Retype word for word the first line of the listing and each line after it up to the line with "Whyte E-180 RS - review", with the pictures taken out.
DATA EXCERPTS: Begin
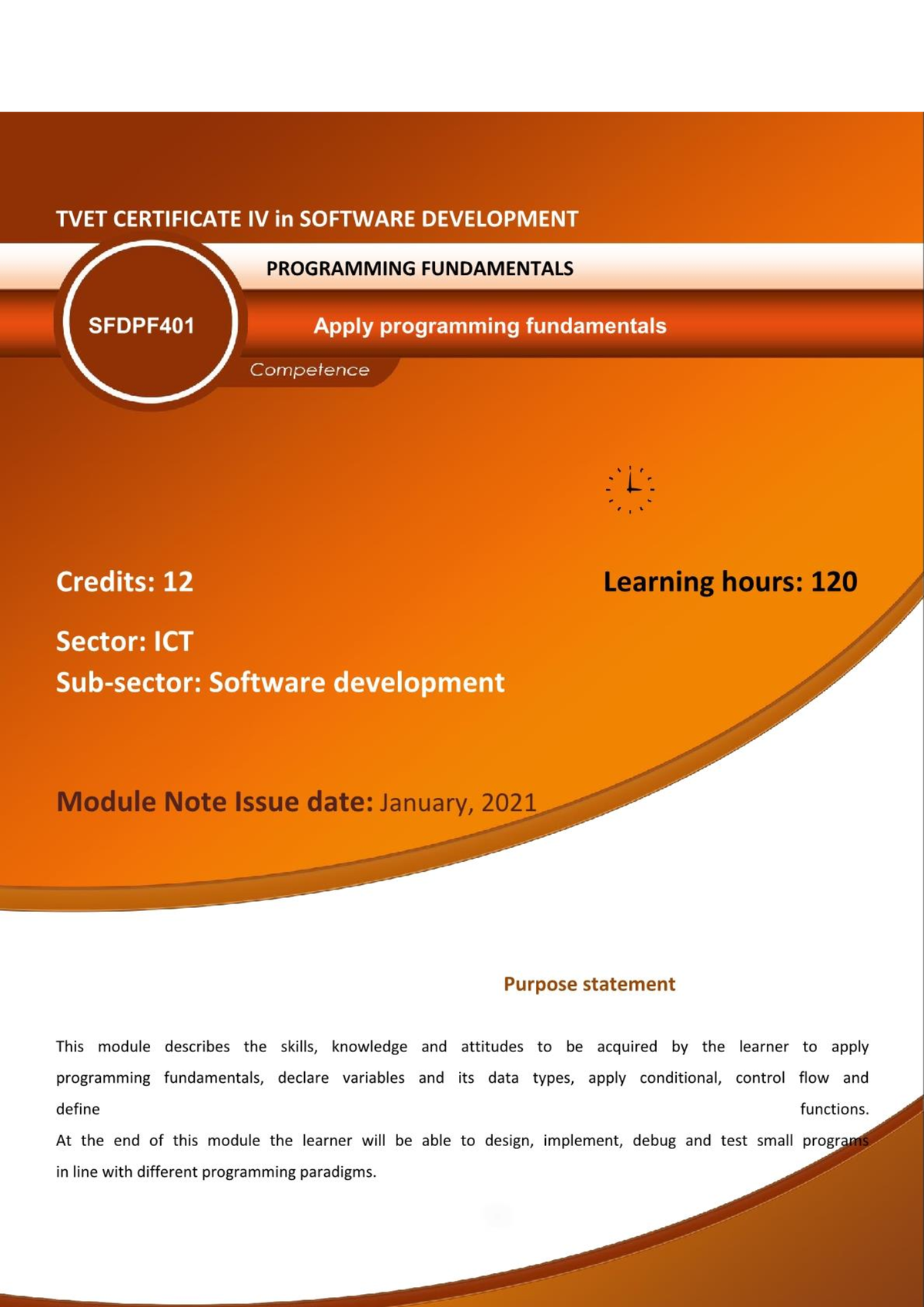 cp-this-the-c-programming-notes-elements-of-competence-and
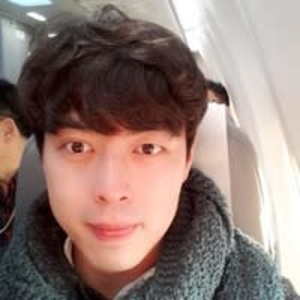 Ji Kim - PeerSpot reviewer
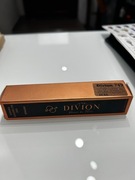 Divion 717 - inspiracja Tom Ford Black Orchid Parfum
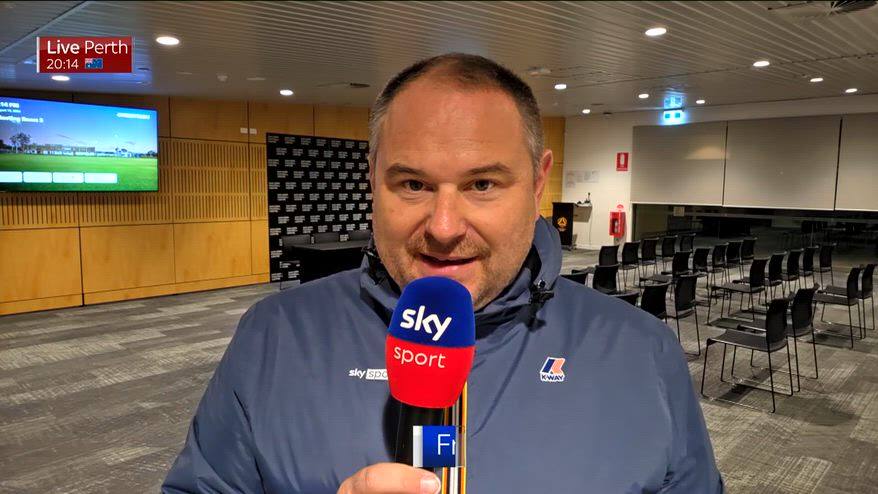 Juve-Palermo, le news di formazione dell'amichevole su Sky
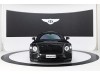 Bentley Flying Spur 2021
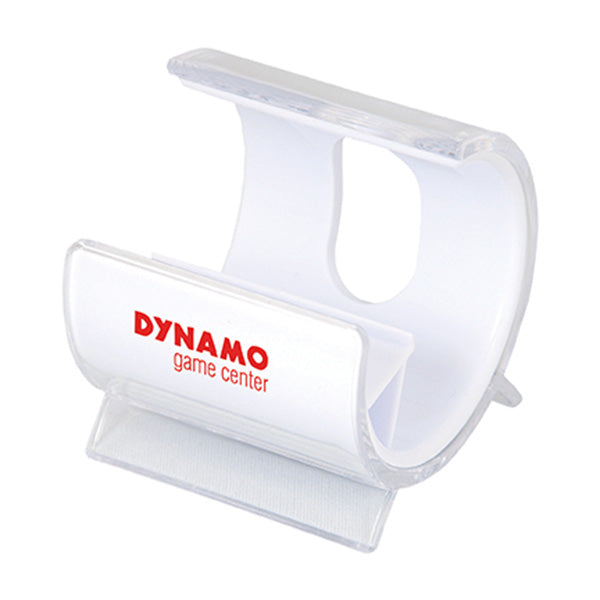 Phone Stand Cradle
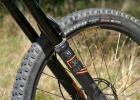 Whyte E-180 RS - review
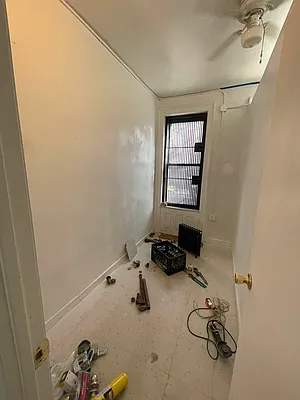 Rented by Best Apartments North Inc | media 4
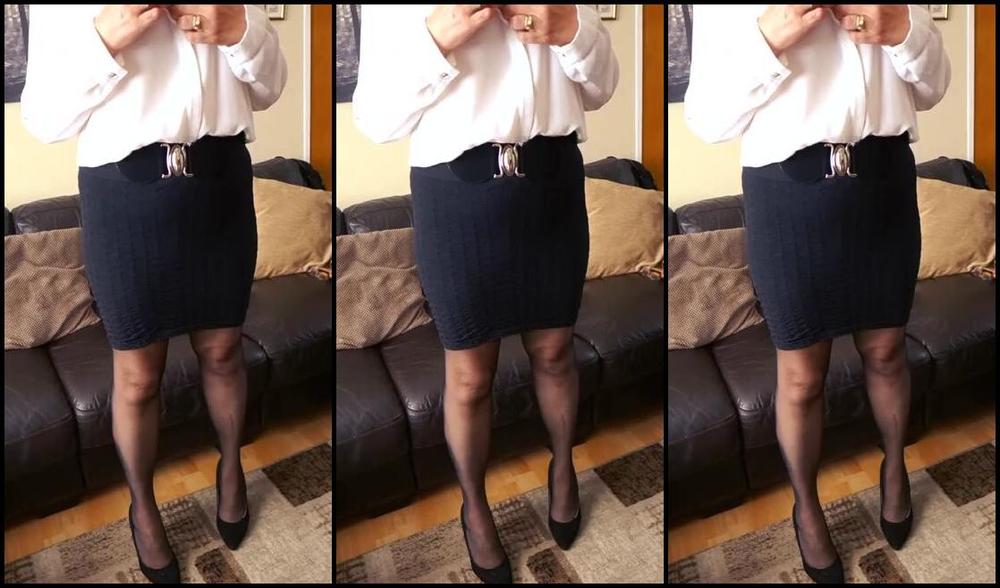 Mrs Sandie Nicknamed Mrssandie Onlyfans 08 05 2020 Thanks For Bearing With Me The Last Few Weeks Feeling A Lot Better And Back To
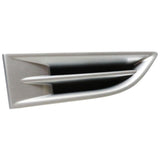 Original Ford Grill 1711122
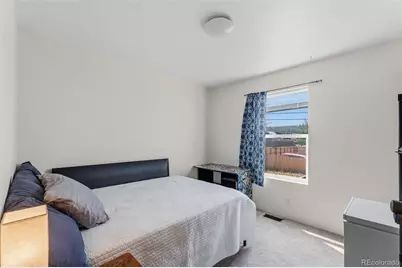 101 S Maple Street, Leadville, CO 80461 - Photo 6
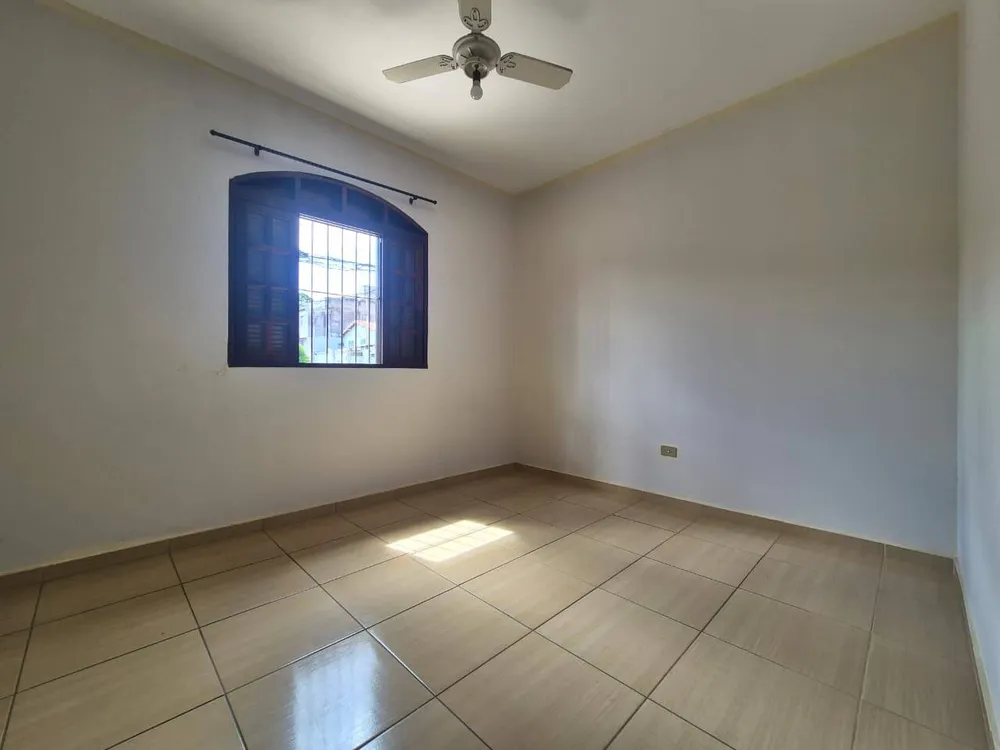 Sobrado, 3 quartos, 120 m² - Foto 12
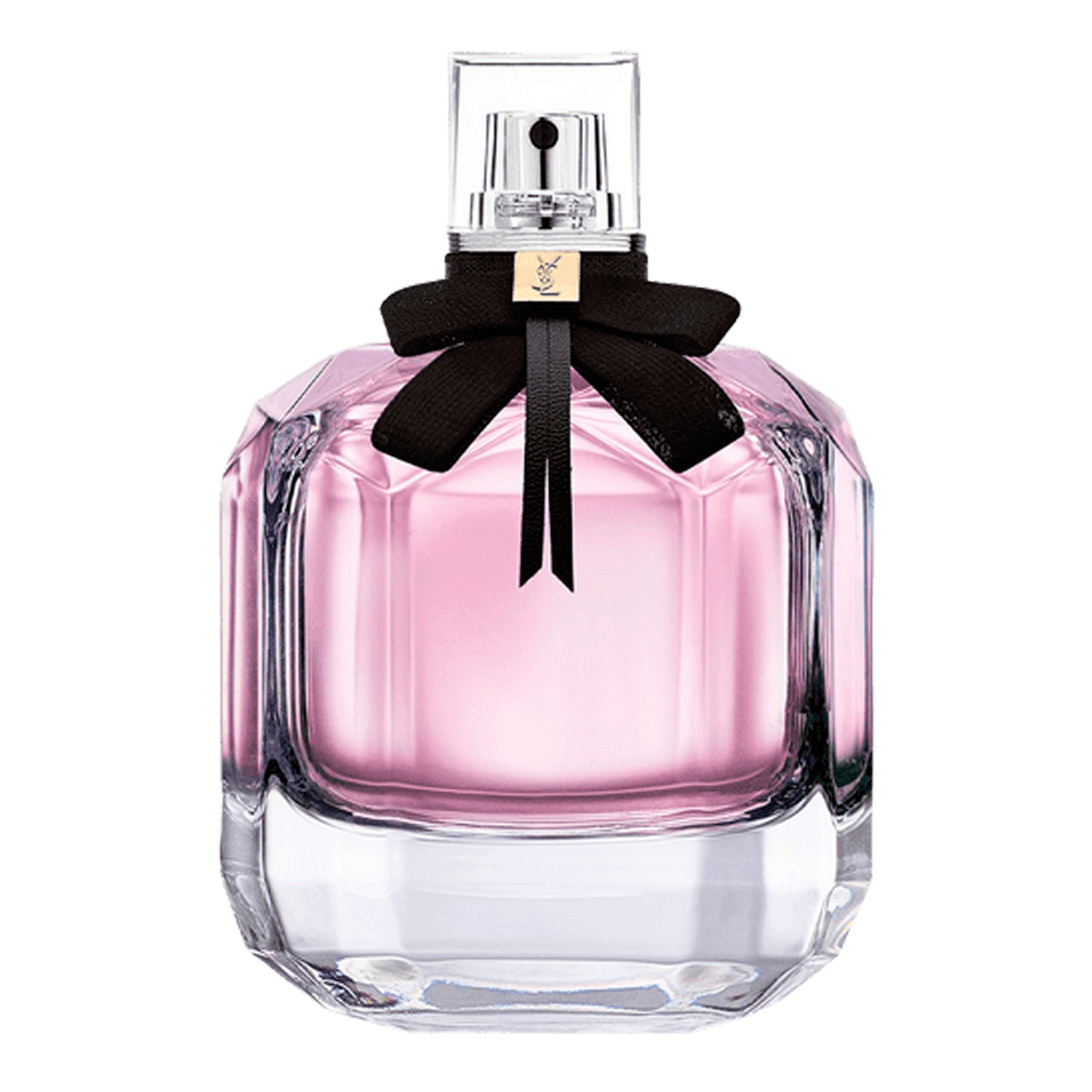 Mon Paris by Yves Saint Laurent YSL Perfume for Women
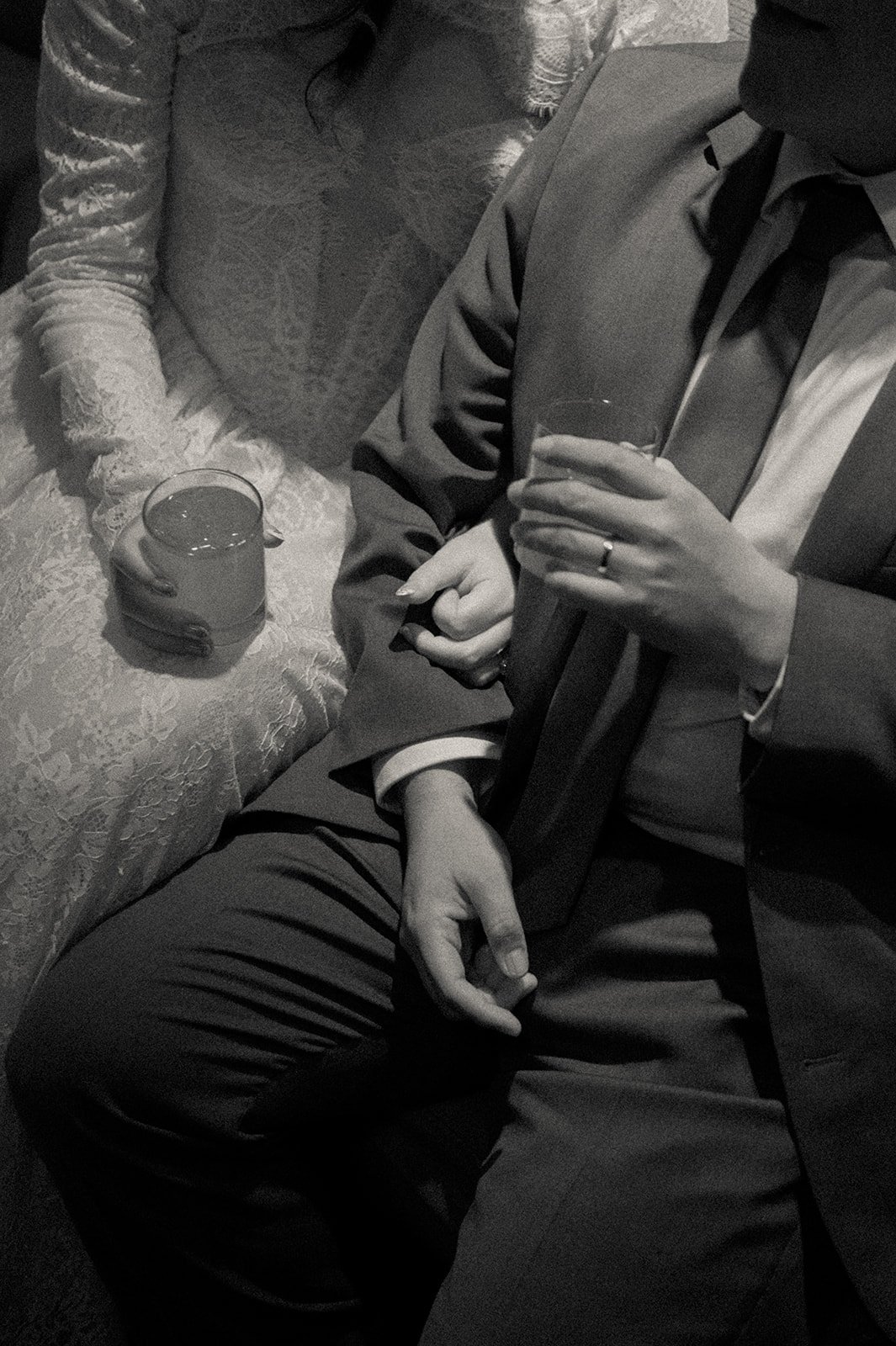 MonicaEddieWedding_KDPhotography (229 of 231).jpg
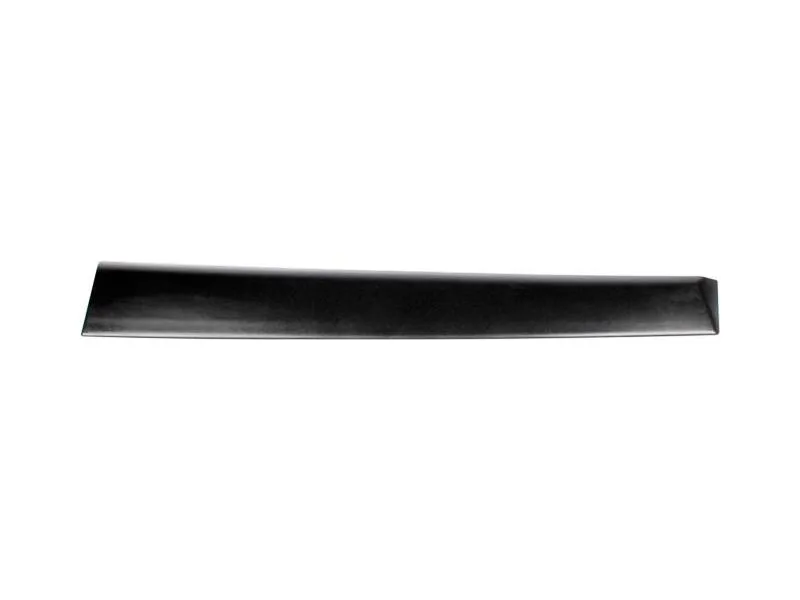 CM-10138 (-) (MARKA: CM) (OEM:801861710R)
DATA EXCERPTS: End
RESULT >>
 cp-this-the-c-programming-notes-elements-of-competence-and
 Ji Kim - PeerSpot reviewer
 Divion 717 - inspiracja Tom Ford Black Orchid Parfum
 Juve-Palermo, le news di formazione dell'amichevole su Sky
 Bentley Flying Spur 2021
 Phone Stand Cradle
 Whyte E-180 RS - review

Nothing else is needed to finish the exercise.